Every body in the world can use them,but I won't put them in my lawn mower. They are junk for a preformance build IMO.
I won't change my mine either.


LOL, and double humps are the best head back then and now

IHI,
I can STILL make 600FWHP with a set of angled plug 302 heads and they are cast iron.So don't be knocking something ya don't know about.


Using 1racerdude's logic. The block cyclinder wall failed because it is crappy cast iron and not forged.

Z28sorr
Never said the block failed don't believe it was the cause.

The STRONG blocks these days are CG=compacted graphite so keep up on things.

One thing the dude has is experience. That's the good part of age

Bret,
Bitten once, lack of knowledge,bitten twice my stupidity. Just doesn't happen twice.
Have seen more than one set of LS1 PM rods hung out the side of the block.

 

Before this gets too far out of hand...

First, based on the pics and limited info that was provided in the initial post, at this point any attempts at explaining what actually happened to this engine is purely speculation. Let's keep that in mind before we begin tearing eachother's heads off.
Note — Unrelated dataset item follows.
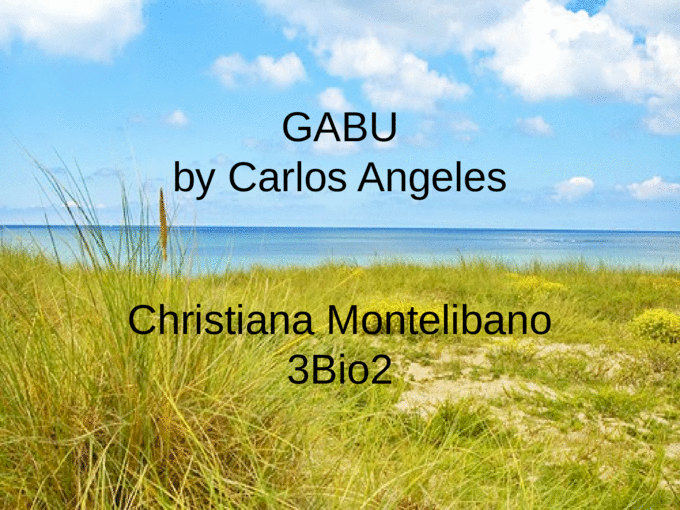 GABU by Carlos Angeles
Second, some valid points have been made on both sides of the "hyper vs. forged" argument. Even still, having a vast working knowledge of metallurgy, it's effects on the mechanical properties of each metal, the effect of piston speed, etc., doesn't begin to explain the human element involved here. This engine was merely idling when the failure occured: because of this, we can safely assume that whether a forged or hyper piston had been used, neither one would have been remotely close to it's mechanical limits.

Achem's Razor: "The simplest answer tends to be the correct one."

Since the piston was perfectly within the boundaries of it's mechanical operating limits when the failure happened, what do we have left to blame?

Human error maybe? (Ducks for cover.)

 

Experience without understanding is useless.

Nice side step. You aren't telling us that you have never rebuilt an engine using stock Chevy replacement pistons.

 

IMO it was hurt before it came apart. It just decided to come apart ideling.